Tariffs, Inflation & Mortgage Rates: What You Need to Know
This week was anything but quiet for the economy, though mortgage rates remained relatively steady by the end of it. Between trade news and fresh inflation data, the markets were pulled in opposite directions—making it a week worth unpacking.
Tariffs Take Center Stage
Tensions between the U.S. and China eased slightly as both countries agreed to a 90-day pause on most tariffs. While that boosted optimism around global growth (good news for stocks), it also raised concerns about future inflation (less ideal for mortgage rates). The result? A bump in bond yields early in the week.
Inflation Data Offers Relief
Fortunately, April's inflation data helped steady things. The Consumer Price Index (CPI)—a key inflation gauge—came in slightly lower than expected.

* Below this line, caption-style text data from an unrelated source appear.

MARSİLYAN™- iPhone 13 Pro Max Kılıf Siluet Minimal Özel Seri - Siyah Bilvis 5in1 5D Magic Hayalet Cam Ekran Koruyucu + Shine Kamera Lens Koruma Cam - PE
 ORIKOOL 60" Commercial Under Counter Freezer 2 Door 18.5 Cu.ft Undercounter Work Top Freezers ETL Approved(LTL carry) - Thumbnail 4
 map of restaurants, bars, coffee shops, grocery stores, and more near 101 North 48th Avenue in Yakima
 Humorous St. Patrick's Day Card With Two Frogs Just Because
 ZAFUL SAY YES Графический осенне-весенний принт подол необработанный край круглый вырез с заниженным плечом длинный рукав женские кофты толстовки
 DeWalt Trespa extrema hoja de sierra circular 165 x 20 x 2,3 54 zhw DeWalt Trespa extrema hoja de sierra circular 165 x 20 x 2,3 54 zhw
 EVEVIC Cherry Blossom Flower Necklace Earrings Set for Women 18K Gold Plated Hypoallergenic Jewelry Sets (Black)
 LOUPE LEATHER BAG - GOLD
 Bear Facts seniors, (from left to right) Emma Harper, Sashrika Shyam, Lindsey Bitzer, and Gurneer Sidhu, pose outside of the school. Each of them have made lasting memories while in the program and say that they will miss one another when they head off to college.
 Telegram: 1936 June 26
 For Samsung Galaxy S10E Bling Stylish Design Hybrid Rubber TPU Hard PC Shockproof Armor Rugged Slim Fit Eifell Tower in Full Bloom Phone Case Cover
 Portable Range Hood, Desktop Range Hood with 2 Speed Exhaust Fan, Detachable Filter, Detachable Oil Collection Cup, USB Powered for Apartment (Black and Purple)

Core CPI (which excludes food and energy) rose 2.8% year-over-year, holding at its lowest level since March 2021. While still above the Fed’s target of 2%, it’s a far cry from the peak of 6.6% in September 2022.
Shelter costs remain sticky, making it tough to bring inflation all the way down. But there was some relief: used car prices declined for a second month, and new car prices held flat.
Another data point—the Producer Price Index (PPI)—also surprised to the downside. Core PPI fell 0.4% from March, well below the forecasted +0.3%, suggesting lower input costs for businesses. While PPI doesn’t carry as much weight as CPI, it’s another sign inflation may be cooling.
Retail Sales: A Mixed Bag
Retail spending surged 1.7% in March as consumers rushed to make purchases ahead of potential price hikes. But in April, sales settled down with a modest 0.1% increase—right in line with expectations. Home improvement and electronics stores led the gains, while department stores and sporting goods retailers saw declines.
Bottom Line:
While the market remains sensitive to inflation and trade headlines, recent data suggests that inflationary pressures are easing—though not entirely gone. Mortgage rates may remain range-bound in the short term, but expect continued volatility as new data rolls in.